The People Have Spoken

The tally is nearly completely in for Hong Kong’s Sunday vote for local offices.

Local broadcaster RTHK reported that pro-democracy parties took 390 out of 452 seats in the district council, or nearly 90%.
The polls closed with 71.2% of eligible voters casting a ballot, the election commission said, easily surpassing the figure of 47% in the last such vote in 2015.

Hong Kong’s Chief Executive Carrie Lam suggests

The government will certainly listen humbly to citizens’ opinions and reflect on them seriously[.]

Yeah. She’ll think about it.  But will it act accordingly? Keep in mind, as you cogitate on that question, that the Lam government is nothing but a Beijing satrap.

Gordon Chang, who often writes for The Wall Street Journal and contributes to Fox News, is optimistic:

This is political annihilation for Beijing and it’s going to have consequences that are going to reverberate not just in Hong Kong itself, but perhaps in China as well….

He has a warning, though:

Carrie Lam, the Hong Kong chief executive, she reports directly to Xi Jinping. She no longer has any freedom of action. If he tells her not to give ground, which is what he’s been doing for the last several months, then you’re going to see Hong Kong erupt because, you know, people have expressed their will.
If the political establishment doesn’t make concessions, then we don’t know where this will go, but we know that will become probably much more violent and the protests will become even larger[.]

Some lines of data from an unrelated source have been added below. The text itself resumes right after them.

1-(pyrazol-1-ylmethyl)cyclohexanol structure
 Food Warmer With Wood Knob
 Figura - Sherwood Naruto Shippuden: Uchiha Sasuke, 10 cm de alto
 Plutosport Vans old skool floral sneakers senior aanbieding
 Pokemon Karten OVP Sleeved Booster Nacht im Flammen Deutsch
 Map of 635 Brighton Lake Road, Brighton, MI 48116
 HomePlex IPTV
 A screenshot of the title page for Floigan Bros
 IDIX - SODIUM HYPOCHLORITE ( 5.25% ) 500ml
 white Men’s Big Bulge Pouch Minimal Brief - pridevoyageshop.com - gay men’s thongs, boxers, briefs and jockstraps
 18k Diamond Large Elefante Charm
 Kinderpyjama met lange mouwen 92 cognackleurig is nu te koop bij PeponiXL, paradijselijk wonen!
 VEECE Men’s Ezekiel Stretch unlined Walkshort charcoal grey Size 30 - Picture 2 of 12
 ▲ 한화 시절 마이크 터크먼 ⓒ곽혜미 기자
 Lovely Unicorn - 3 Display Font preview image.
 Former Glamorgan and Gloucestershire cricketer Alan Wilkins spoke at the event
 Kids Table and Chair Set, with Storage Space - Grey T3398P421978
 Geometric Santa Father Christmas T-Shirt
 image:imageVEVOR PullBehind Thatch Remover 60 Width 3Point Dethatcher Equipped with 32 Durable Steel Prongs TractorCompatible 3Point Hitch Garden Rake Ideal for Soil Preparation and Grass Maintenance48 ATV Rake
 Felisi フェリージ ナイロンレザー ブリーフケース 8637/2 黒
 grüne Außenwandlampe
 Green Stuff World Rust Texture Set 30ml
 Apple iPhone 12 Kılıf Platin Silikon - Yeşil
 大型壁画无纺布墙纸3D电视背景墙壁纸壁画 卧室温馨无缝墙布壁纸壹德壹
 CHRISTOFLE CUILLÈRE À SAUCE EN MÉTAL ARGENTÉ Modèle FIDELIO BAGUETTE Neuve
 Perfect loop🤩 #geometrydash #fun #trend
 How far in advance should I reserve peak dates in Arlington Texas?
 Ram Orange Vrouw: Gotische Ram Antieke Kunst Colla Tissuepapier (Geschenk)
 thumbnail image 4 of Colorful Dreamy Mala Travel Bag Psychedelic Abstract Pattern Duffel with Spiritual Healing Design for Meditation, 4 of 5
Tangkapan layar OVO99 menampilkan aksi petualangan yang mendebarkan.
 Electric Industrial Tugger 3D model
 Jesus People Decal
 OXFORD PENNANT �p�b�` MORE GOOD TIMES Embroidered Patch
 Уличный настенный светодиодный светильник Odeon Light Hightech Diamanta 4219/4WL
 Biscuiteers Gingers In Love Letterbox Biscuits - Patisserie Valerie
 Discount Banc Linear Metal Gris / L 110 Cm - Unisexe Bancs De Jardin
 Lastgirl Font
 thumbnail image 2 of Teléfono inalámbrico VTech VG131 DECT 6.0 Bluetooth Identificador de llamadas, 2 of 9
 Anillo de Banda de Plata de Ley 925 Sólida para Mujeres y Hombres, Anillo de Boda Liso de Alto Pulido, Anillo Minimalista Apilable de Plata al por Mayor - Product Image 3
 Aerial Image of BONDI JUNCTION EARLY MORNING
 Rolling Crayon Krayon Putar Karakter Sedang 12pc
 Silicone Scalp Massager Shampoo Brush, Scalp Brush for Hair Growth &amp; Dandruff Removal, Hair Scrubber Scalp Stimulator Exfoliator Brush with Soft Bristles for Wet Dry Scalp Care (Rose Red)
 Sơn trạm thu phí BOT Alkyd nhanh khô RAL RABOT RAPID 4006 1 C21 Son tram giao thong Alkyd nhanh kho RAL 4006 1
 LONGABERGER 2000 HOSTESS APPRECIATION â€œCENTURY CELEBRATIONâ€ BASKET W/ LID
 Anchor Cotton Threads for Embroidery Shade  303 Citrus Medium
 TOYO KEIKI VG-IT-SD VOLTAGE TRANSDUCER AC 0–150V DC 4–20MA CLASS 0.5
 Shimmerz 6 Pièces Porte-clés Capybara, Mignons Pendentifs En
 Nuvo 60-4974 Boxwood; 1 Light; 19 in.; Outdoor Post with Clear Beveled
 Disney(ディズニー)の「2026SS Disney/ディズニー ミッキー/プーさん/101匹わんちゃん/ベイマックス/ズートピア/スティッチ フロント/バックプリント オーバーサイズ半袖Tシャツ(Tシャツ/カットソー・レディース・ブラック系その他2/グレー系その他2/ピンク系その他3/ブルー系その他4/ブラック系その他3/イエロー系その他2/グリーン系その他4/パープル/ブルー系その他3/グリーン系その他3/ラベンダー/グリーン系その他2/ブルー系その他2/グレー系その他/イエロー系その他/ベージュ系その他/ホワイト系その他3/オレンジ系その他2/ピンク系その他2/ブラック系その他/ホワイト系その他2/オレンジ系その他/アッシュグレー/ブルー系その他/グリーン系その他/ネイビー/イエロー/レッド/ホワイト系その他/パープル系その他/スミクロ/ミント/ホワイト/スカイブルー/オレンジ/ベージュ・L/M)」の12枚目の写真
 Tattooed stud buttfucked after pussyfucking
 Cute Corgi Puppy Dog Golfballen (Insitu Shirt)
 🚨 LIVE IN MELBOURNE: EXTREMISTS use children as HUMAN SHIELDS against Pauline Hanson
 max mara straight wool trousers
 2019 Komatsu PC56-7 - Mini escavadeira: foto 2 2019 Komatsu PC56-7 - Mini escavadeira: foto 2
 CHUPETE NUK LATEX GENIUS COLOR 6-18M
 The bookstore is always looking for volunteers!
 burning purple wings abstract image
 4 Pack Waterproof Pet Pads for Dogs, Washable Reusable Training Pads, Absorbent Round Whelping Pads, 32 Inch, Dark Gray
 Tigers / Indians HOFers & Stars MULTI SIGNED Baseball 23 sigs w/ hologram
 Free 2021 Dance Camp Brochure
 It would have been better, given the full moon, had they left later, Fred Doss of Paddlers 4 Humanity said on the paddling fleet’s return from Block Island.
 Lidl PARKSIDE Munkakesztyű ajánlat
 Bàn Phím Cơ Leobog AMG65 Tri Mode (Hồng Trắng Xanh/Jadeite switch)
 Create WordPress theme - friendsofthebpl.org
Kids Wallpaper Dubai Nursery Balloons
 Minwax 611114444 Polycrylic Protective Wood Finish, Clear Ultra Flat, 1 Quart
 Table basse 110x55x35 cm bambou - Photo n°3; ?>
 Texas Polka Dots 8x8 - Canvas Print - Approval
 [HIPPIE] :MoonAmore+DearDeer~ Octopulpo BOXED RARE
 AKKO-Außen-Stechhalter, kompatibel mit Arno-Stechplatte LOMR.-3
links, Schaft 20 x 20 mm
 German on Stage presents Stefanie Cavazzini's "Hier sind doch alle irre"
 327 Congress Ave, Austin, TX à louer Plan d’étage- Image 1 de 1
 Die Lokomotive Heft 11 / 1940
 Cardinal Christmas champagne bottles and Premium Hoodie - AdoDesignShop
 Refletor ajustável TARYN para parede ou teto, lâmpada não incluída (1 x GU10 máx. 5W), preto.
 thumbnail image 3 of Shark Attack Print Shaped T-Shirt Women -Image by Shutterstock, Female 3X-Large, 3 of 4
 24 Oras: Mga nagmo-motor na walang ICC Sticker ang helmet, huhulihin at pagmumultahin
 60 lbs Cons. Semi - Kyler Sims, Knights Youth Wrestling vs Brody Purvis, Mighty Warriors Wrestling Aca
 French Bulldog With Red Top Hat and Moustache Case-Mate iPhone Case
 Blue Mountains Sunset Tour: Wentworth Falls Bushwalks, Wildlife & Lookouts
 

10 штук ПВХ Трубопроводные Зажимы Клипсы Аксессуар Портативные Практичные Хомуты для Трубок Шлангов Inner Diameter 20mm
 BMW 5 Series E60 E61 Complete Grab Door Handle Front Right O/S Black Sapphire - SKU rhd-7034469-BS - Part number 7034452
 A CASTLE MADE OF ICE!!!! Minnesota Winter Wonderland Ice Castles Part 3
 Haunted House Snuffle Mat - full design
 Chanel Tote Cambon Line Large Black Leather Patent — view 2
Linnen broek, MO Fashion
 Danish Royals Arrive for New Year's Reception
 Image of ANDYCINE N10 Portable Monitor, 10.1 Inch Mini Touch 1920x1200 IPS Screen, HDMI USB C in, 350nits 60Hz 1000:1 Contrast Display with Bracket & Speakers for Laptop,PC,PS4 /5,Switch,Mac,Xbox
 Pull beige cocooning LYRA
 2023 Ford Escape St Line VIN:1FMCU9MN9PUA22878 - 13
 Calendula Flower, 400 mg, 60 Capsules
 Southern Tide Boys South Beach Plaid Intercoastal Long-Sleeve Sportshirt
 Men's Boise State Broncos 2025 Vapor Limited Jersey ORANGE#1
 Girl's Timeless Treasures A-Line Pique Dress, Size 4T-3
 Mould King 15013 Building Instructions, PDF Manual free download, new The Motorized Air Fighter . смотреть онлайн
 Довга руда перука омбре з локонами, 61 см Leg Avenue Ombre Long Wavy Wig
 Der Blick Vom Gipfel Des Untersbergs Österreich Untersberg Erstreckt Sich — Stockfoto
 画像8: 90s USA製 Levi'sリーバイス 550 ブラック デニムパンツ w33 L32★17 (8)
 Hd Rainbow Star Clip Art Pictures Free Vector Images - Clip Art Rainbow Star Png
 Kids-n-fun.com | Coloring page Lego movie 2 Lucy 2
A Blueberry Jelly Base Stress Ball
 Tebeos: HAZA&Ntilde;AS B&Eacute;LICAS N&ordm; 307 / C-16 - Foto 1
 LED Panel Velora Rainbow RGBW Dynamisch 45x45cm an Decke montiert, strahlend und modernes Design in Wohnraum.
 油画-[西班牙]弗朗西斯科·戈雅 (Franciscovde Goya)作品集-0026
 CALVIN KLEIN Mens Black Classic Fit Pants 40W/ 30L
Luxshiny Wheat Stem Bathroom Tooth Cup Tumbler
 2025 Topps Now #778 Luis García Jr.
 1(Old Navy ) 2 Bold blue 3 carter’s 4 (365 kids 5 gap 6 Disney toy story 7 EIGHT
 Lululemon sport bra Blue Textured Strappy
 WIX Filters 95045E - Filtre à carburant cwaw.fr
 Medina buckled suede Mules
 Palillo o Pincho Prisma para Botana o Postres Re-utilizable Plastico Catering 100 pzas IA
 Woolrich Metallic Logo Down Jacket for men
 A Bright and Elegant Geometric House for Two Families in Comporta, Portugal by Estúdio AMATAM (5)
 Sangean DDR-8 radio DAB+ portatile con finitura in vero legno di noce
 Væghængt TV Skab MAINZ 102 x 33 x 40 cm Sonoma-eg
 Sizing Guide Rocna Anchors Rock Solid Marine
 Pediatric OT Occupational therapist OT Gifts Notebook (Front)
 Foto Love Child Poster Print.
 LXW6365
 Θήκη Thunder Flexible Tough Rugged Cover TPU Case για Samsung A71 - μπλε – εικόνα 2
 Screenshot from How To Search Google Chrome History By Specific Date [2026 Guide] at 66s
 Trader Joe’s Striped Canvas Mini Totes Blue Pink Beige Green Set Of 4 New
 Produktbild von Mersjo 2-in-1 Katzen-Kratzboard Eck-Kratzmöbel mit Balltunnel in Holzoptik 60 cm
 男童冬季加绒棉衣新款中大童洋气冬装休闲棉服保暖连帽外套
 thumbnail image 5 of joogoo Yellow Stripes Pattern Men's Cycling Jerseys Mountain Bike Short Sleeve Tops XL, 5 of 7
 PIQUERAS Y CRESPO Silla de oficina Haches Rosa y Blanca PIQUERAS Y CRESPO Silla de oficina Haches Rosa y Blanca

Are Xi and his Communist Party of China government listening?  Yes, most carefully.  But they’ll likely draw the wrong lessons.  I think we do know where this will go, and it won’t be pleasant, although it will be brief. Tanks rolling against a fundamentally unarmed civilian population will see to that, as was demonstrated in Tiananmen Square a little bit ago.

The US and our putative allies need to become more overt in supporting the good people of Hong Kong.  The PRC has already welched on its handover commitment and its pretense of a one country, two systems policy.

The Republic of China is watching the degree of our resolve, too.